%%

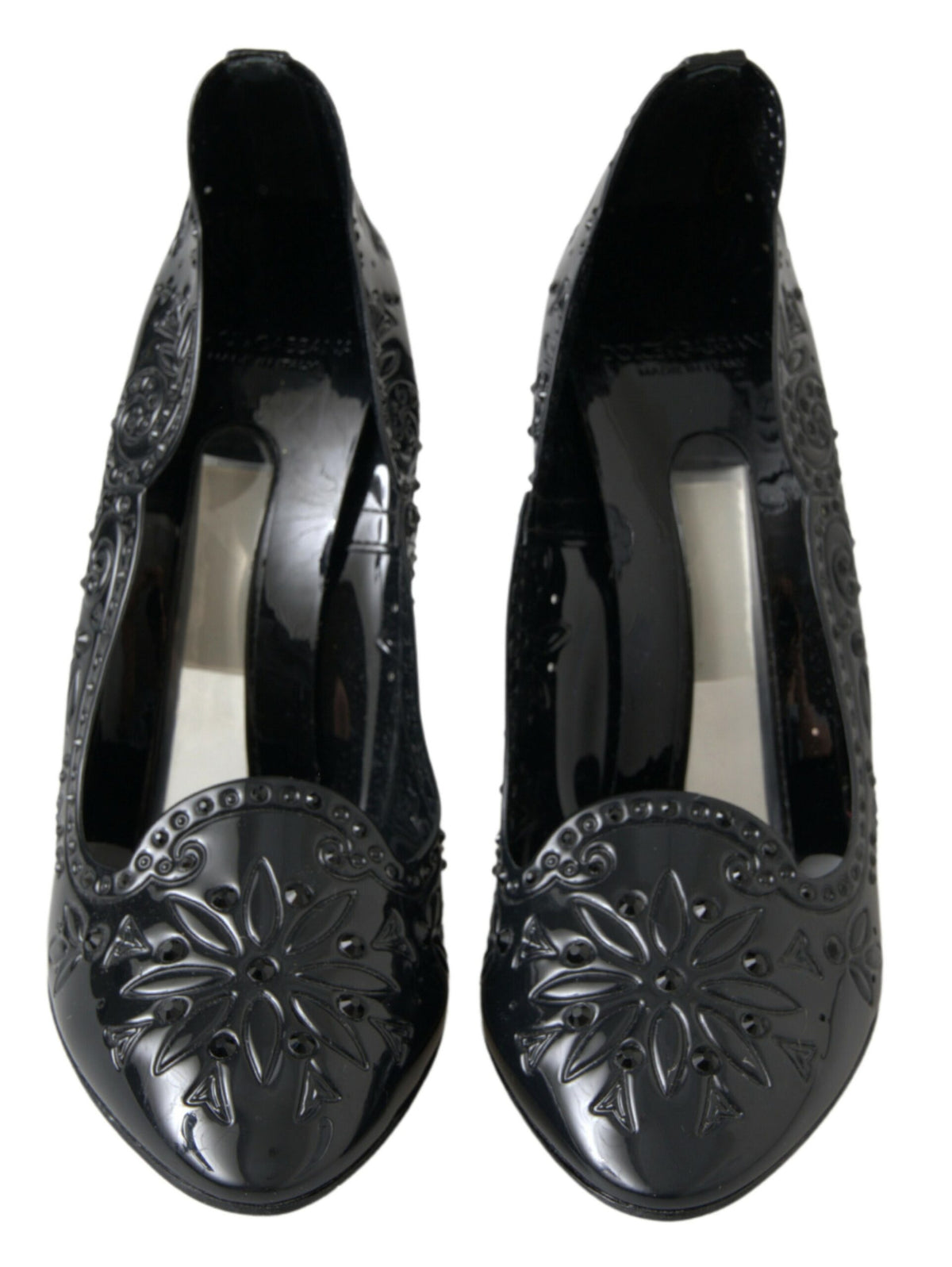 Dolce & Gabbana Black CINDERELLA Floral Crystal Heels Shoes schwarz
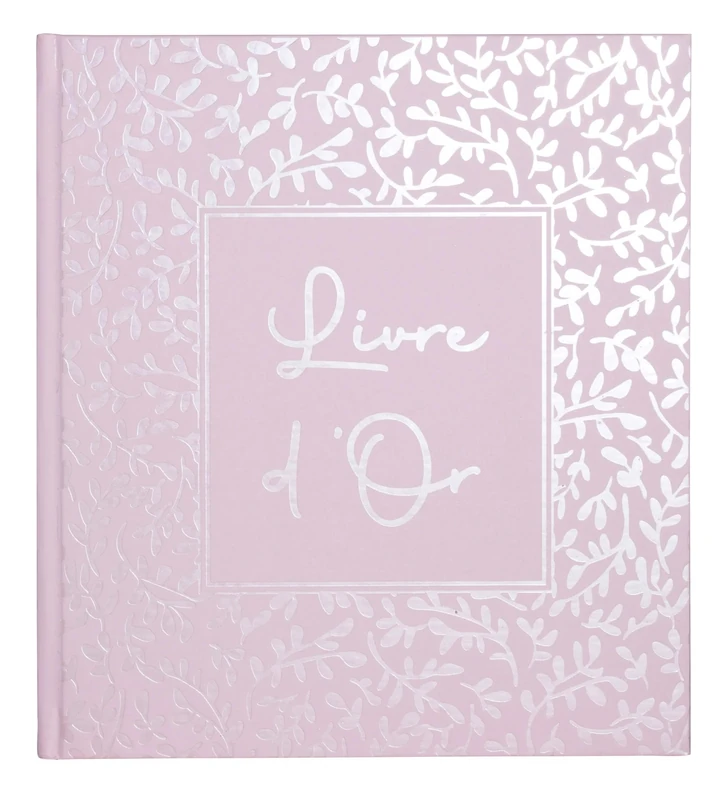 EXACOMPTA - 47364E - 1 AUTENTIK Guest Book - Compact Format 21 x 19 cm - Silver Spine and Marking with Guestbook Inscription - 140 Plain White Pages - Candy Pink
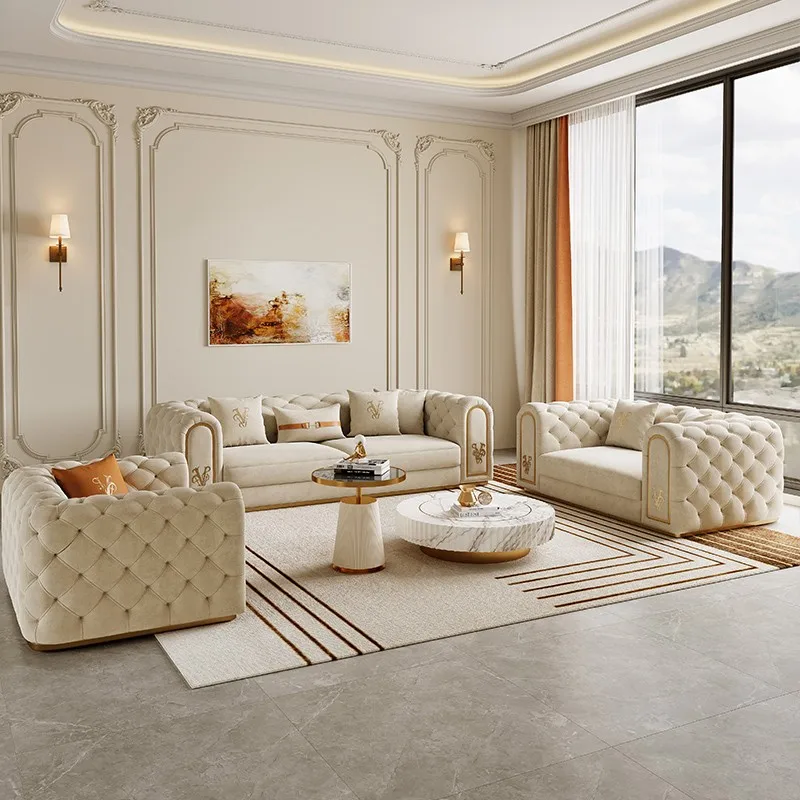 

Italian minimalist three-person sofa American full-pull buckle sofa moon surface blue frosted fleece sofa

%%

### WHAT YOU NEED TO DO
Output the data above exactly; pictures do not belong in the copy.

### ANSWER TO THE EXERCISE
 Dolce & Gabbana Black CINDERELLA Floral Crystal Heels Shoes schwarz
 EXACOMPTA - 47364E - 1 AUTENTIK Guest Book - Compact Format 21 x 19 cm - Silver Spine and Marking with Guestbook Inscription - 140 Plain White Pages - Candy Pink

Italian minimalist three-person sofa American full-pull buckle sofa moon surface blue frosted fleece sofa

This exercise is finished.